#### [WHAT IS BEING ASKED]
Please repeat, from the entries that follow, the lines from the one containing "Kreslo Teak Wood" through the one containing "nacnic Set de" exactly, adding nothing.

Start of AVAILABLE DATA

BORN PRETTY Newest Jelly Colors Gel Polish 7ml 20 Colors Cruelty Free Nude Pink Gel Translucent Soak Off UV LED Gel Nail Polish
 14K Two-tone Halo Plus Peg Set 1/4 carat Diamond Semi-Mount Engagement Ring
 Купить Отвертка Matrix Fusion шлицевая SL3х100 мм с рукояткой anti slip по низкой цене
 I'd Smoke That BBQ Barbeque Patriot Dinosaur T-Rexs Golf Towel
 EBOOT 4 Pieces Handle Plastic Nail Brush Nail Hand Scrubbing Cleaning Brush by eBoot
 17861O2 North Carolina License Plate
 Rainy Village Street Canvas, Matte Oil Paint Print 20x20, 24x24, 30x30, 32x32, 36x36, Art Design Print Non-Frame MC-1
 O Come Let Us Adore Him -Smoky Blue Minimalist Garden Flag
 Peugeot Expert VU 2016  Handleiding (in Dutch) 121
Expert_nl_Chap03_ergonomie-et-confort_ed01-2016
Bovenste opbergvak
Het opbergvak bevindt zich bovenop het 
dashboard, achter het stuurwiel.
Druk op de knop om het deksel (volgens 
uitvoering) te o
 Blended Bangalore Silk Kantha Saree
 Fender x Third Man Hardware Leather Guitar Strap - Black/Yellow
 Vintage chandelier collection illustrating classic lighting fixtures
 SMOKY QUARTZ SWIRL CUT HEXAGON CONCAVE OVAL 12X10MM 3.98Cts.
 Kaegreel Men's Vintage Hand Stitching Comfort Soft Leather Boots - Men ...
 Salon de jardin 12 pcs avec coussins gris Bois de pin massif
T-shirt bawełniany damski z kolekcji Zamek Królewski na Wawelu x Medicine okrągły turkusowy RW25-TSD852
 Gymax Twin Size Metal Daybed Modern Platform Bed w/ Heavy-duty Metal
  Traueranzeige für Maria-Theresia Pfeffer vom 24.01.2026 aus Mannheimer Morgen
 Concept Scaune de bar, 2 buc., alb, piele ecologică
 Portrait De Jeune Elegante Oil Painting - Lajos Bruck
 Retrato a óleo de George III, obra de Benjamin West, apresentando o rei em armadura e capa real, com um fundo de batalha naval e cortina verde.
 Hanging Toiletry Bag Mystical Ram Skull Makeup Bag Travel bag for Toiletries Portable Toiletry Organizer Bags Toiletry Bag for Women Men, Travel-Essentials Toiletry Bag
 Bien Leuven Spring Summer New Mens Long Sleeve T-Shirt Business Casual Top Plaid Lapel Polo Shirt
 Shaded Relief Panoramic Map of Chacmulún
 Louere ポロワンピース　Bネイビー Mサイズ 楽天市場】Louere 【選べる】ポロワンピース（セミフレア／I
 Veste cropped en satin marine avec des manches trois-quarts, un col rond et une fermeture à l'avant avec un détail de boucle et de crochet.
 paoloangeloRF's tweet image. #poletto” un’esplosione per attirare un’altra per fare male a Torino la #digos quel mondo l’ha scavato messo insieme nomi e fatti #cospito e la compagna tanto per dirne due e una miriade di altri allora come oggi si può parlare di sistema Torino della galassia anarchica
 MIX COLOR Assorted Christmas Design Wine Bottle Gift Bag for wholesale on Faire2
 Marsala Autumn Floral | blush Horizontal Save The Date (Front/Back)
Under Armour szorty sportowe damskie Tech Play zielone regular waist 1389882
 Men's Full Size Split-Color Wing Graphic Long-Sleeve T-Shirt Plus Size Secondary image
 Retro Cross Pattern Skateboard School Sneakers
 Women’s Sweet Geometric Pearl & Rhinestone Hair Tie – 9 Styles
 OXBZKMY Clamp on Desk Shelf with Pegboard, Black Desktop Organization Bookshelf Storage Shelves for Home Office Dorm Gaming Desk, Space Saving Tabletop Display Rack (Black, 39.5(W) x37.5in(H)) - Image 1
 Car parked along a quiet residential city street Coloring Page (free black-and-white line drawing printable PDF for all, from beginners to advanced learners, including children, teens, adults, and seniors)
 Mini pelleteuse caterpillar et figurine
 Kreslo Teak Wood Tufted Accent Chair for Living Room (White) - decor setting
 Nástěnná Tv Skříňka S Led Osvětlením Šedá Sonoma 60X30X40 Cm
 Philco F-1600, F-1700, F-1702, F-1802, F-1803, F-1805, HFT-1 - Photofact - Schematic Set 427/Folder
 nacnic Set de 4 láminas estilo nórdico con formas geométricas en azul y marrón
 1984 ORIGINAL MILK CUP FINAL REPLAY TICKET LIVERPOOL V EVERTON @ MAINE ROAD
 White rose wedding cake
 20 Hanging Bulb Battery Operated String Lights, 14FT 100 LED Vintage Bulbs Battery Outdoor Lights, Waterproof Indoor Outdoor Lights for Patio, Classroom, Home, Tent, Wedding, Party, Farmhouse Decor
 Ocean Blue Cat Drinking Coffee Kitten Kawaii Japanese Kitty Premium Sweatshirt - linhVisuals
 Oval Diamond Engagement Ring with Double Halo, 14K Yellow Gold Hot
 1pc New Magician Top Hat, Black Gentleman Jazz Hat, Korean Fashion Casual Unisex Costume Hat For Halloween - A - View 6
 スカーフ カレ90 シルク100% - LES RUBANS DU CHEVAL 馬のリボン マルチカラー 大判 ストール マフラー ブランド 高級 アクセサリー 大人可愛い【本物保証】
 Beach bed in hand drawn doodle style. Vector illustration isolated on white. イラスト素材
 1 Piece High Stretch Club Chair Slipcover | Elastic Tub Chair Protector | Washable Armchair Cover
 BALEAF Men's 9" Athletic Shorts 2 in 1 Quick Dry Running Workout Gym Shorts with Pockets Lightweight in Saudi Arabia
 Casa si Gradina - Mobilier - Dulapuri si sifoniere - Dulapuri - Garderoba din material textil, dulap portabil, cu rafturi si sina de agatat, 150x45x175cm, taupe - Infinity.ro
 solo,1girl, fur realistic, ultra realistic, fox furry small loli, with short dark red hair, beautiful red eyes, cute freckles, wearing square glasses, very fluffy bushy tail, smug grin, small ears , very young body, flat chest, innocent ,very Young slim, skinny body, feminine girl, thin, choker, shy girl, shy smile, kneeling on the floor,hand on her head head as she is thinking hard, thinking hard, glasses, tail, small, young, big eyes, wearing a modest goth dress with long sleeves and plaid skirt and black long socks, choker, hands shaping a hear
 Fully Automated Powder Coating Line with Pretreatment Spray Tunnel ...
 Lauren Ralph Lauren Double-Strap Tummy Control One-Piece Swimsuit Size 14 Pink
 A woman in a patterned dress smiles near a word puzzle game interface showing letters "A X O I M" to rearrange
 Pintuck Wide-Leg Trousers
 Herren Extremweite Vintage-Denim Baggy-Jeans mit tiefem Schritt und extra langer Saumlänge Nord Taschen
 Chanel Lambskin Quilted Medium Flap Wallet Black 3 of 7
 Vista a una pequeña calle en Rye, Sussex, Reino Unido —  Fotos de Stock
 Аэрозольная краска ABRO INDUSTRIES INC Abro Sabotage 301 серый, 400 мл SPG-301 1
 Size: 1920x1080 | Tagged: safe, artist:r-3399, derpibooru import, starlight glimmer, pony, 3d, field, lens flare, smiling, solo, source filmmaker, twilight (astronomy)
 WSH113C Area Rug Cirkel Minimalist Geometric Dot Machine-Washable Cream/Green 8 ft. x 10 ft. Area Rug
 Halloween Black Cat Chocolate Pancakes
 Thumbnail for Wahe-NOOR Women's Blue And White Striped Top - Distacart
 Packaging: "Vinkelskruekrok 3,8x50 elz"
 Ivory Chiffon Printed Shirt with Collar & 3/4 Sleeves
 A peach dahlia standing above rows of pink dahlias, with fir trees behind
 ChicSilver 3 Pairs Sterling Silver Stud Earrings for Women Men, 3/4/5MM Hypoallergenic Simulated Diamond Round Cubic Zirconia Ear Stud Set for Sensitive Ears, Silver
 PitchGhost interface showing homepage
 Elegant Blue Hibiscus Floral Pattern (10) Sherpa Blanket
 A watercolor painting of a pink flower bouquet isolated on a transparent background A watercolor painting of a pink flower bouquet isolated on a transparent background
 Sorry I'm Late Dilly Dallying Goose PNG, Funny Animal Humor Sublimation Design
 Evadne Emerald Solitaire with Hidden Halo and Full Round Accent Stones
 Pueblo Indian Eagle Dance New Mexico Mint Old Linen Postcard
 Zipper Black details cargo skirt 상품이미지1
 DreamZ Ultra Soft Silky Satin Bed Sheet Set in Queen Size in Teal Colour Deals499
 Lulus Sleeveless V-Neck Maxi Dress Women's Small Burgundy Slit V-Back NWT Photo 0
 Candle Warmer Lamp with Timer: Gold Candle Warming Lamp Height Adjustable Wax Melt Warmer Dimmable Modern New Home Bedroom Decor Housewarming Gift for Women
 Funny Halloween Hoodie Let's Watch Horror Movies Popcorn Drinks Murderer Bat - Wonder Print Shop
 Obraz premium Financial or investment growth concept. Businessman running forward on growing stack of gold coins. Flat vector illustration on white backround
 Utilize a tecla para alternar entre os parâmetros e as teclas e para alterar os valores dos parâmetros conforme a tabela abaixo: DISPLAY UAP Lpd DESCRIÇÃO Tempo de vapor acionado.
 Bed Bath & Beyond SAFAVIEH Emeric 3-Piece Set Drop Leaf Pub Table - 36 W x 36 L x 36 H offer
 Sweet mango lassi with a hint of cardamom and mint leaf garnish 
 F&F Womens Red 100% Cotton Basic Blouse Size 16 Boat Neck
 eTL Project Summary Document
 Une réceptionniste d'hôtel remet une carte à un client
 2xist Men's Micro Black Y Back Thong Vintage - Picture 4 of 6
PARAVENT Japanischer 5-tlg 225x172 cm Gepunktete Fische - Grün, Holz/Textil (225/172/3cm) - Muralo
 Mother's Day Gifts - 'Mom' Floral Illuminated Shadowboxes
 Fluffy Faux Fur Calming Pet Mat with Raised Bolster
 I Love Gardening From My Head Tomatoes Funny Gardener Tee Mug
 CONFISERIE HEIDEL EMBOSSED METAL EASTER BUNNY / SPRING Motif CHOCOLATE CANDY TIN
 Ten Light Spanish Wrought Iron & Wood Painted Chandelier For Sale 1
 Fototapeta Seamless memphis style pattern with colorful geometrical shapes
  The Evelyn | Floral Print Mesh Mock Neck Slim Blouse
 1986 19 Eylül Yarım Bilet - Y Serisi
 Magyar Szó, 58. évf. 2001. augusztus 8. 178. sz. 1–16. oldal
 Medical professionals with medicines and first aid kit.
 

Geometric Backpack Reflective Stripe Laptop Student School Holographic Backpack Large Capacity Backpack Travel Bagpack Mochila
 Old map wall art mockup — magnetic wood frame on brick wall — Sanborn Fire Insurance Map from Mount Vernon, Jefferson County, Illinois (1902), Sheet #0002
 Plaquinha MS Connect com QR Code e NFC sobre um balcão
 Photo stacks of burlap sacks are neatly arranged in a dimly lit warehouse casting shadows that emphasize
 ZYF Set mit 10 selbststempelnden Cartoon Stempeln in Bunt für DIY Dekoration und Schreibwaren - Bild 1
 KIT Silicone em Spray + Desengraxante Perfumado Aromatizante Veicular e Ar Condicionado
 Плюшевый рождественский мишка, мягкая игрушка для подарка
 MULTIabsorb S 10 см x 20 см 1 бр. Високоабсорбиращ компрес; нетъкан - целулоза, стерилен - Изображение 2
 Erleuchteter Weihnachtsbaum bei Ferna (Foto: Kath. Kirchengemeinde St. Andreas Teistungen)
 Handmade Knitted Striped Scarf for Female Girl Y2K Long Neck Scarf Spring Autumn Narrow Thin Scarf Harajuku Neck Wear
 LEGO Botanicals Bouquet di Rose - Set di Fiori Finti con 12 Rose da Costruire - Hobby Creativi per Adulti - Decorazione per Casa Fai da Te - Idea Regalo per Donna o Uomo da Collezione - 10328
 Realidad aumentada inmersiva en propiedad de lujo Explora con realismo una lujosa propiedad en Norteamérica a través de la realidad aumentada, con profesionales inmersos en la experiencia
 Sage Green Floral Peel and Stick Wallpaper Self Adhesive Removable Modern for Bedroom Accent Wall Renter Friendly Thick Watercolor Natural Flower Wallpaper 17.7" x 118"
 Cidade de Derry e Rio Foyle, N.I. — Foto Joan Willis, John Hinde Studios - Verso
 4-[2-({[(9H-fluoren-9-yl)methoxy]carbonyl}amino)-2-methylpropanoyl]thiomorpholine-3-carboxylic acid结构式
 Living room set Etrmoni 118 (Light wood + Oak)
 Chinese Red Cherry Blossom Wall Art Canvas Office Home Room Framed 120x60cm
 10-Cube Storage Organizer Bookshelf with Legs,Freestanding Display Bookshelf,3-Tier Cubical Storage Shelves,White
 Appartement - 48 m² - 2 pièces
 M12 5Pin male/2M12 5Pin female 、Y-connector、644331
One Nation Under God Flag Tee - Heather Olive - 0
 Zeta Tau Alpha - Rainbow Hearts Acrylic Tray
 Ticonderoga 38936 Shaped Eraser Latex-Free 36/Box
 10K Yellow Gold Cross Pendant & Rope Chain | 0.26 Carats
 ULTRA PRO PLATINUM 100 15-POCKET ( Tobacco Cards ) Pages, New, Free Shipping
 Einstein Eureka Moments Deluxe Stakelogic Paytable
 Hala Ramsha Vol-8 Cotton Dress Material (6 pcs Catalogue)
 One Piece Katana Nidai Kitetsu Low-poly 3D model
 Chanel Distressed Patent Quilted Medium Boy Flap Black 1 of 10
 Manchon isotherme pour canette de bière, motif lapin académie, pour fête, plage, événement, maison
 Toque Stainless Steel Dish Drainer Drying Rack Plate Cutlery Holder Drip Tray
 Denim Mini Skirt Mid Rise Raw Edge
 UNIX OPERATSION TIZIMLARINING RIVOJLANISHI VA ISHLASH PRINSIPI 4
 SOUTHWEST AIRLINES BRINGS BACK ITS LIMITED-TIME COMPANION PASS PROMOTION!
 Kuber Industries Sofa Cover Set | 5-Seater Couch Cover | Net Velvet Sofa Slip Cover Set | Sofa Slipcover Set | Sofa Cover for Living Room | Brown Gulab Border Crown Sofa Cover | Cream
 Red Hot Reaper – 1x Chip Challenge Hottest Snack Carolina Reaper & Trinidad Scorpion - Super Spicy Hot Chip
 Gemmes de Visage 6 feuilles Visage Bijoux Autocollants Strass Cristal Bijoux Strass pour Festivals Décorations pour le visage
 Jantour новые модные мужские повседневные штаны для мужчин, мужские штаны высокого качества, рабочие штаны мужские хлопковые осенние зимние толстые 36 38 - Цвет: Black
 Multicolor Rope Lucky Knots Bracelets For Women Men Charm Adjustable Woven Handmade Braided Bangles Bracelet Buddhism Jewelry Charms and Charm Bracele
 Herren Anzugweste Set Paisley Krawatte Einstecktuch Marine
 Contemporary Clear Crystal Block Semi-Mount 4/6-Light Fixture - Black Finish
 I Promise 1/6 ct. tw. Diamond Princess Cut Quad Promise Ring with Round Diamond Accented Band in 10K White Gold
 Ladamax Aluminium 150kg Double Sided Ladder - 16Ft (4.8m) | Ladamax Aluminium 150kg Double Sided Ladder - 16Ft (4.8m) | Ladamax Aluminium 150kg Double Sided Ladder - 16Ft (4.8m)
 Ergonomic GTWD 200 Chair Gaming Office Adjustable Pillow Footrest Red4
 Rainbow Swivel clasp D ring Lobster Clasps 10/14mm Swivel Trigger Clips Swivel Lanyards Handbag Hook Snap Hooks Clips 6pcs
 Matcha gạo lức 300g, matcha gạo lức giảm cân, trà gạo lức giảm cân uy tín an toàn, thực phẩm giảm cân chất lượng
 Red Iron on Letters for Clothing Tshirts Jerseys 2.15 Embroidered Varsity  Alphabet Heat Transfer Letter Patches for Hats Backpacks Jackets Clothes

End of AVAILABLE DATA

#### [EXPECTED ANSWER]
 Kreslo Teak Wood Tufted Accent Chair for Living Room (White) - decor setting
 Nástěnná Tv Skříňka S Led Osvětlením Šedá Sonoma 60X30X40 Cm
 Philco F-1600, F-1700, F-1702, F-1802, F-1803, F-1805, HFT-1 - Photofact - Schematic Set 427/Folder
 nacnic Set de 4 láminas estilo nórdico con formas geométricas en azul y marrón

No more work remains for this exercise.